**WHAT IS REQUIRED**
Using the entries below, copy exactly each line from the line with "After you click" up to and including the line with "Use cases are", with every picture left out.

DATA SHOWN Block Start

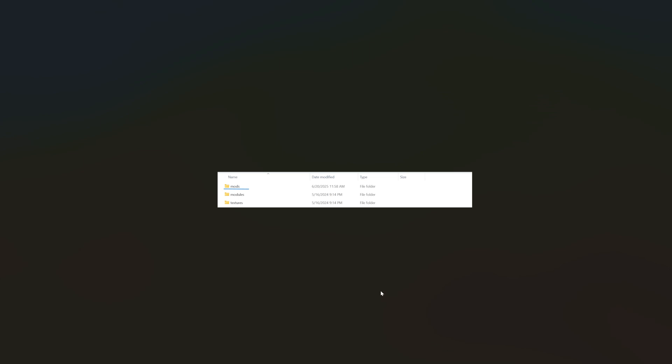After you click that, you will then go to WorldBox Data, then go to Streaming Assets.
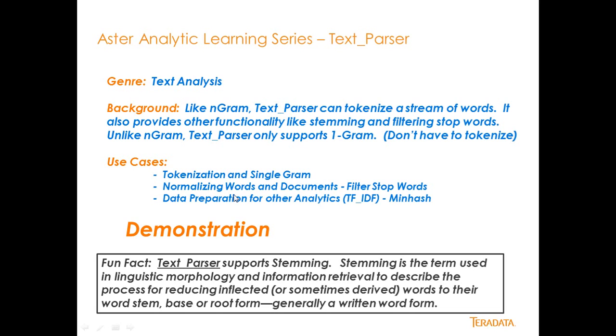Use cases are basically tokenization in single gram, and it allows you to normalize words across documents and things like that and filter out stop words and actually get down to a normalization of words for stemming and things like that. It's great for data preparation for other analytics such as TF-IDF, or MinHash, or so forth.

DATA SHOWN Block End
DATA SHOWN Block Start

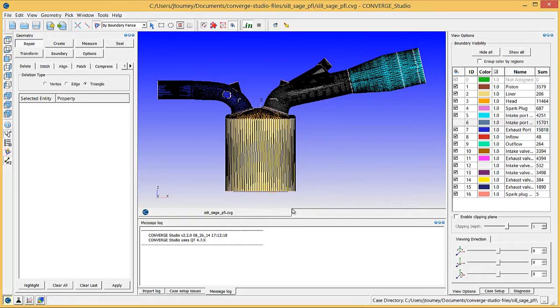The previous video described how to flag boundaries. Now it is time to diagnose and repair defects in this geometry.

DATA SHOWN Block End
DATA SHOWN Block Start

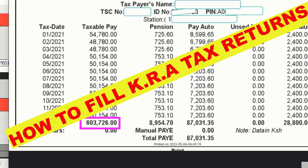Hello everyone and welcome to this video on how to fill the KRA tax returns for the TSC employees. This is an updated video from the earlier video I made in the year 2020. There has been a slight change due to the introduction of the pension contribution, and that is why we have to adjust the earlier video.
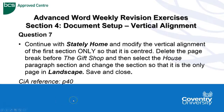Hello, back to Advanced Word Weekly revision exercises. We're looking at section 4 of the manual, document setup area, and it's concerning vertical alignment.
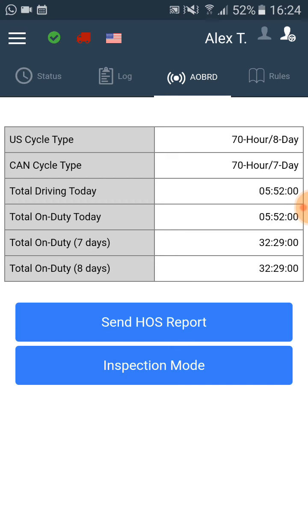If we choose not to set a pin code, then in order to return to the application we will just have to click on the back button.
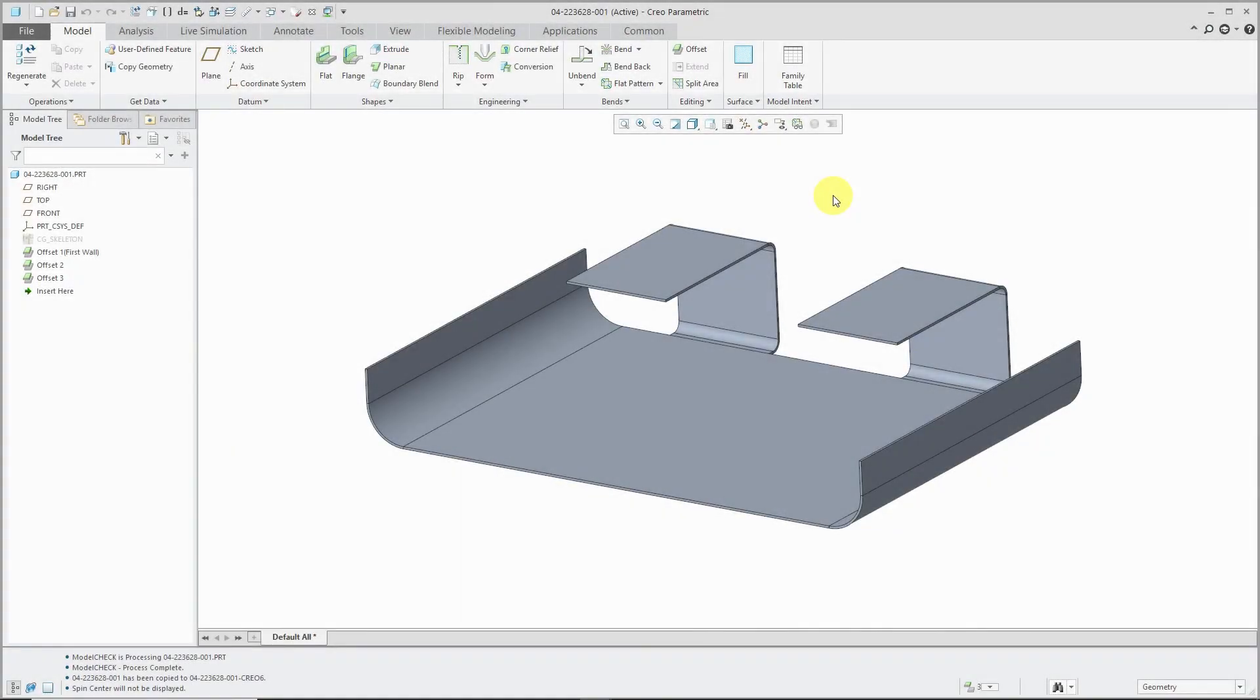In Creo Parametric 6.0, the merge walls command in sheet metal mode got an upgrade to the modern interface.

DATA SHOWN Block End

**RESPONSE TO THE TASK**
After you click that, you will then go to WorldBox Data, then go to Streaming Assets.
Use cases are basically tokenization in single gram, and it allows you to normalize words across documents and things like that and filter out stop words and actually get down to a normalization of words for stemming and things like that. It's great for data preparation for other analytics such as TF-IDF, or MinHash, or so forth.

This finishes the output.